Dampak ekonomi dalam konteks
penelitian ini adalah aktivitas-aktivitas baru untuk memperoleh penghasilan
atau sarana untuk bertahan hidup, yang muncul sebagai akibat adanya perubahan
pemanfaatan Candi Borobudur setelah dilaksanakannya pemugaran.
Aktivitas untuk
memperoleh penghasilan ini dapat berupa pola-pola baru, misalnya tukar-menukar
barang ataupun jasa seperti munculnya rumah-rumah makan, hotel, pengasong, dan
industri kerajinan. Jika ada dampak ekonomi positif seperti dikemukaan di atas,
tentu saja ada juga dampak negtifnya. Dampak negatif terjadi pada beberapa
orang yang tanahnya harus dibebaskan untuk pembangunan Taman Wisata Candi
Borobudur. Sebagian dari mereka ada yang dapat ditampung sebagai karyawan taman
wisata tersebut, sebagian lagi mendapat prioritas untuk memperoleh tempat
berjualan atau membuka usaha di sekitar taman wisata, sedangkan sebagian yang
lain hanya memperoleh ganti rugi. Mereka yang termasuk dalam kategori terakhir
inilah yang tampak memperoleh dampak negatif
Hasil Pengamatan Dan Penelitian
Berdasarkan prasasti berangka Tahun 824 M dan Prasasti Sri Kahulunan 842
M, pendiri Candi Borobudur adalah Smaratungga yang memerintah tahun 782-812 M
pada masa dinasti Syailendra. Candi Borobudur dibangun untuk memuliakan agama
Budha Mahayana. Menurut Raffles berdasarkan
keterangan yang ia kumpulkan dari masyarakat luas, Budur merupakan bentuk lain
dari budo yang dalam bahasa Jawa berarti kuno. Tetapi bila dikaitkan dengan
Borobudur berarti boro jaman kuno, jelas tidak mengandung suatu pengertian yang
dapat dikaitkan dengan Candi Borobudur. Maka raffles menampilkan keterangan
yang lain yakni boro berarti agung dan budur disamakan dengan budha. Maka
dengan demikian Borobudur berarti sang budha yang agung. Namun bhara dalam
bahasa Jawa konu dapat diartikan banyak, maka Borobudur berarti budha yang
banyak. Jika dikaji dengan teliti maka keterangan yang dikemukakan Raffles
memang tidak ada yang memuaskan “boro jaman kuno” kurang mengena “sang budha
yang agung” maupun “budha yang banyak” kurang mencapai sasaran. Perubahan kata
budha menjadi budur misalnya, perubahan demikian dapat diterangkan dari segi
ilmu bahasa, karena sukar diretima. Inilah sebabnya banyak usaha lain untuk
member tafsiran pada Candi Borobudur dengan tepat.

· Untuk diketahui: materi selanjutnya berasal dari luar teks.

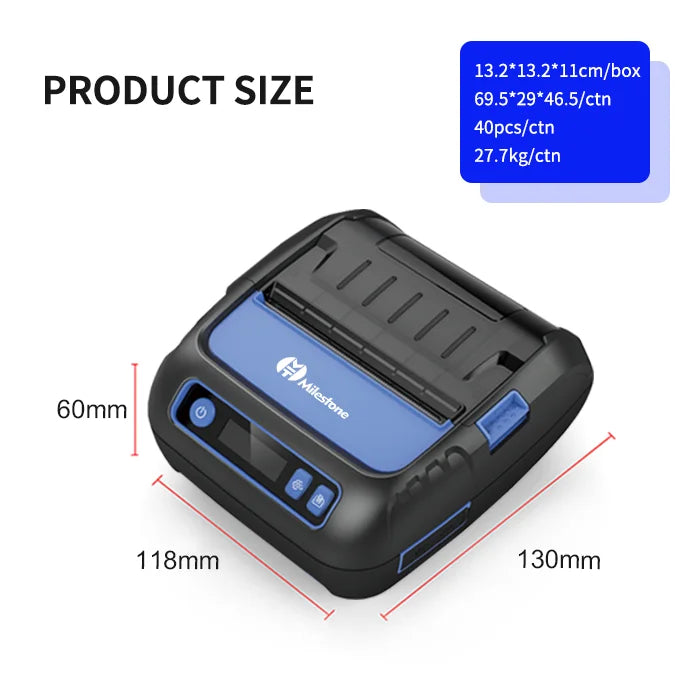 MHT-P80F Portable Portatif  Mini Imprimante Thermique De Ticket Imprimante Thermique Barcode Sticker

Candi Borobudur memiliki 10 tingkat yang terdiri dari 6 tingkat berbentuk
bujur sangkar, 3 tingkat berbentuk bundar melingkar dan sebuah stupa utama
sebagai puncaknya. Di setiap tingkat terdapat beberapa stupa. Seluruhnya
terdapat 72 stupa selain stupa utama. Di setiap stupa terdapat patung Buddha.
Sepuluh tingkat menggambarkan filsafat Buddha yaitu sepuluh tingkatan
Bodhisattva yang harus dilalui untuk mencapai kesempurnaan menjadi Buddha di
nirwana. Kesempurnaan ini dilambangkan oleh stupa utama di tingkat paling atas.
Struktur Borobudur bila dilihat dari atas membentuk struktur mandala
yang menggambarkan kosmologi Buddha dan cara berpikir manusia.
Kamadhatu
adalah Bagian kaki Borobudur melambangkan Kamadhatu,
yaitu dunia yang masih dikuasai oleh kama atau "nafsu rendah".
Rupadhatu
adalah Empat undak teras yang membentuk lorong keliling yang pada dindingnya
dihiasi galeri relief oleh para ahli dinamakan Rupadhatu. Lantainya
berbentuk persegi. Rupadhatu adalah dunia yang sudah dapat membebaskan diri
dari nafsu, tetapi masih
terikat oleh rupa dan bentuk. Tingkatan ini melambangkan alam antara yakni, antara alam bawah dan alam atas.
Arupadhatu
adalah Berbeda dengan lorong-lorong Rupadhatu
yang kaya akan relief, mulai lantai kelima hingga ketujuh dindingnya tidak
berelief. Tingkatan ini dinamakan Arupadhatu (yang berarti tidak berupa
atau tidak berwujud). Denah lantai berbentuk lingkaran. Tingkatan ini
melambangkan alam atas, di mana manusia sudah bebas dari segala
keinginan dan ikatan bentuk dan rupa, namun belum mencapai nirwana.
Papan Larangan pada Candi Borobudur |
Pada Candi
Borobudur terdapat larangan-larangan yang berlaku untuk pengunjung yaitu
dilarang duduk pada stupa, dilarang membawa makanan dan minuman, dilarang
memanjat, dilarang membawa binatang, dilarang merokok dan lain-lain. Larangan
ini diberlakukan untuk menjaga kondisi candi agar tidak cepat rapuh. Setiap
pengunjung yang masuk ke Candi Borobudur diharuskan memakai kain batik yang
telah disediakan oleh petugas. Ini bertujuan untuk melestarikan budaya dan
memperkenalkan batik kepada wisatawan mancanegara.
Penduduk di sekitar Candi Borobudur
mayoritas menganut agama Islam, ini disebabkan karena agama Budha meninggalkan Borobudur
akibat terjadinya bencana alam. Candi Borobudur sampai saat
ini masih digunakan sebagai
tempat upacara keagamaan Budha yaitu waisak dan ada juga pengunjung yang mekulakan ziarah di Candi
Borobudur ini. Untuk bidang ekonomi keberadaan Candi Borobudur sangat bembantu
masyarakat setempat. Dimana Candi Borobudur menjadi lapangan pekerjaan.